Exercise goal:
Print the entire listing below word for word, excluding its pictures.
---------- Data for analysis ----------
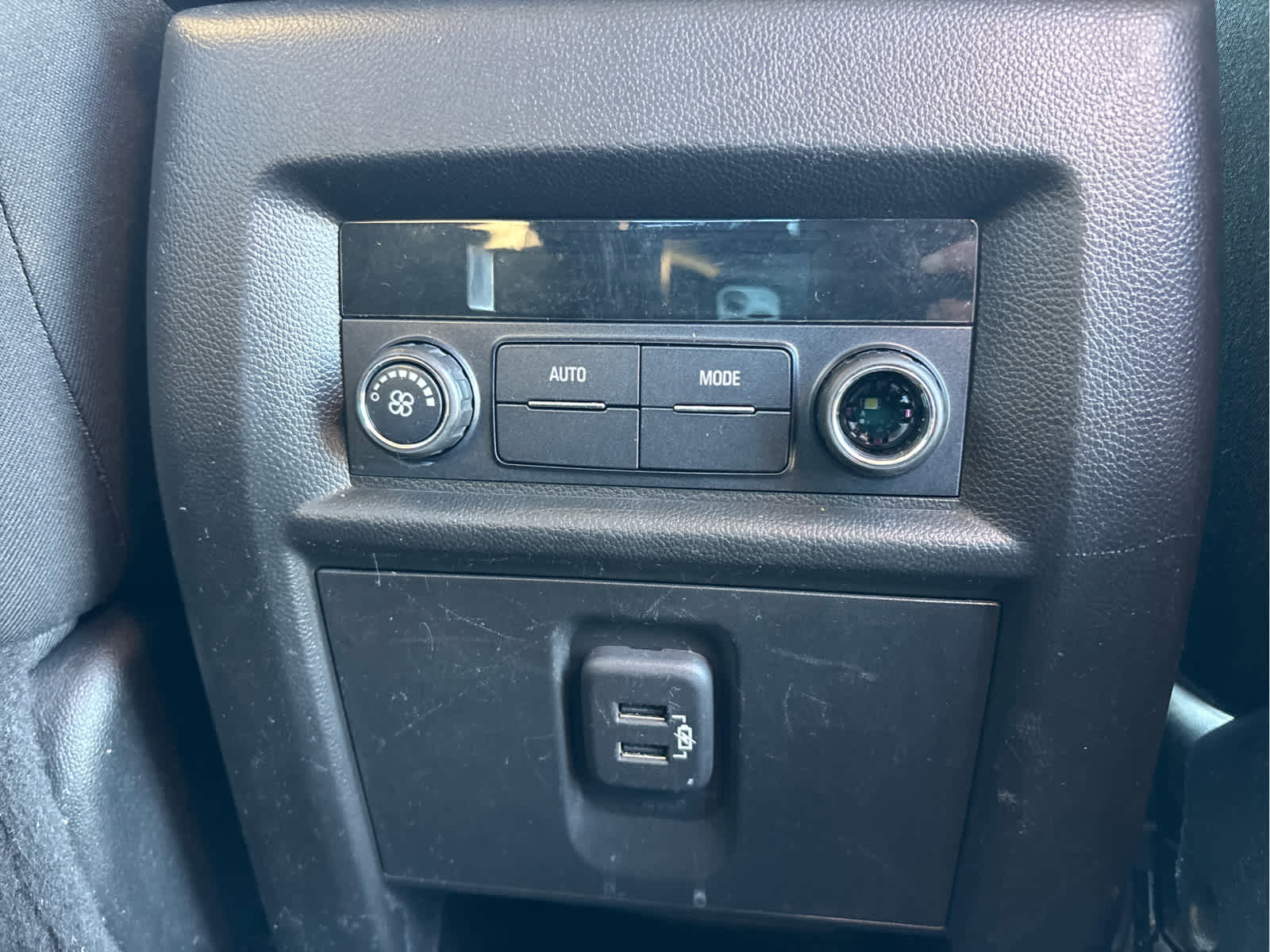 Used 2019 Chevrolet Traverse LT w/ LPO, Blackout Package image 32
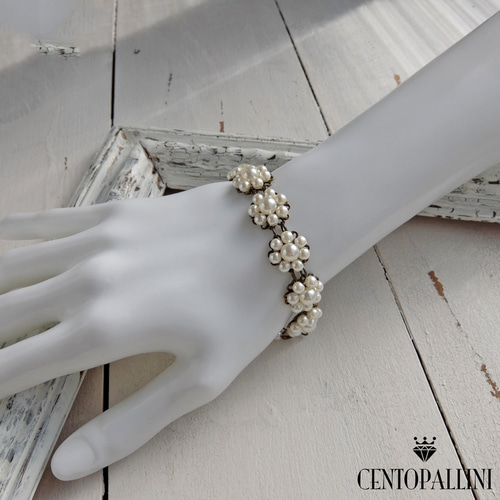 ガラスパールフラワーブレスレット、パールビーズで作った小さな花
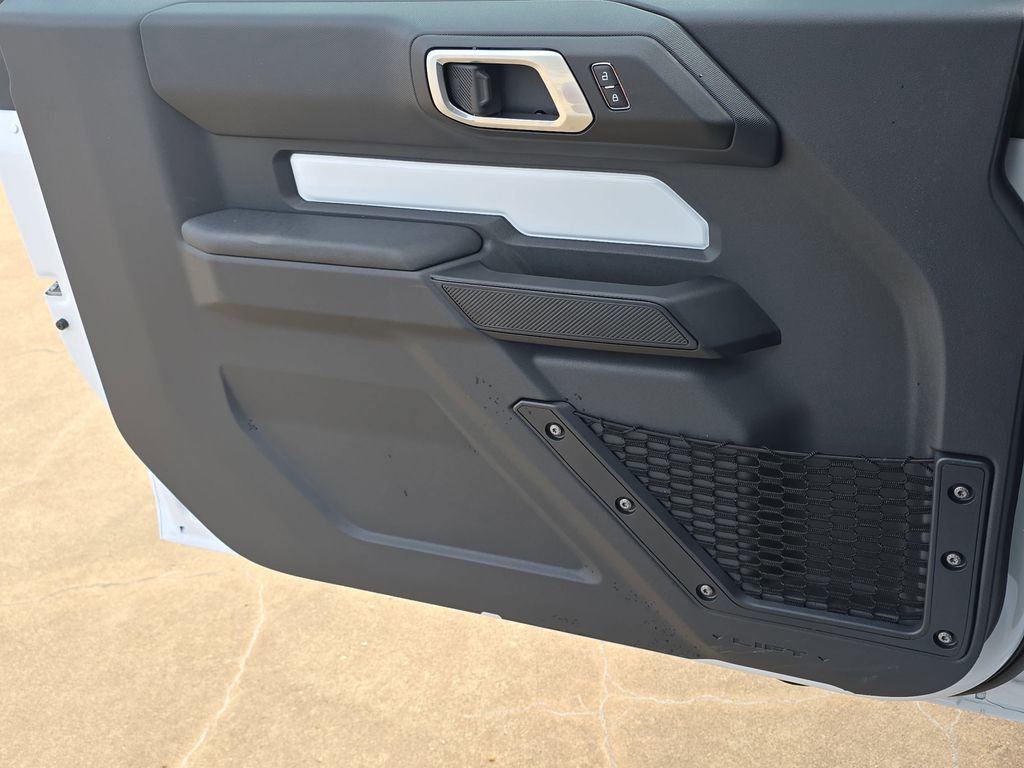 New 2025 Ford Bronco 2-Door image 31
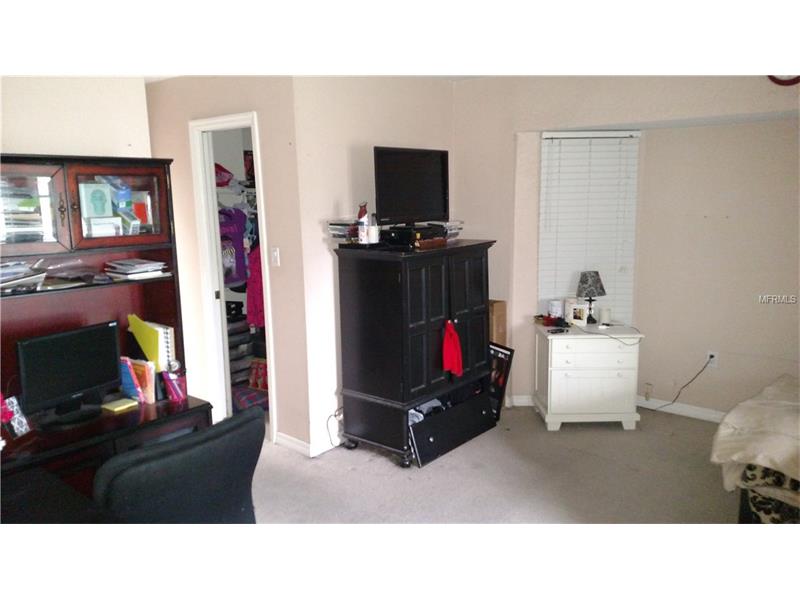 1046 CANAL TERRACE NW, Port Charlotte, FL 33948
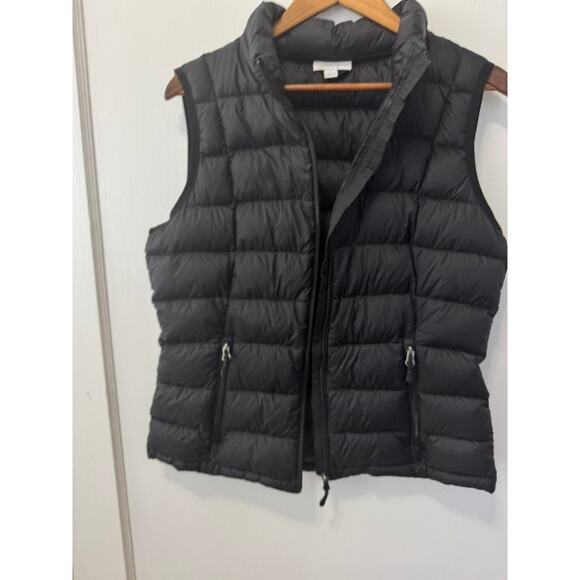 Charter Club Packable Black Hooded Down Puffer Vest Size Medium - Picture 10 of 12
----------
Result:
 Used 2019 Chevrolet Traverse LT w/ LPO, Blackout Package image 32
 ガラスパールフラワーブレスレット、パールビーズで作った小さな花
 New 2025 Ford Bronco 2-Door image 31
 1046 CANAL TERRACE NW, Port Charlotte, FL 33948
 Charter Club Packable Black Hooded Down Puffer Vest Size Medium - Picture 10 of 12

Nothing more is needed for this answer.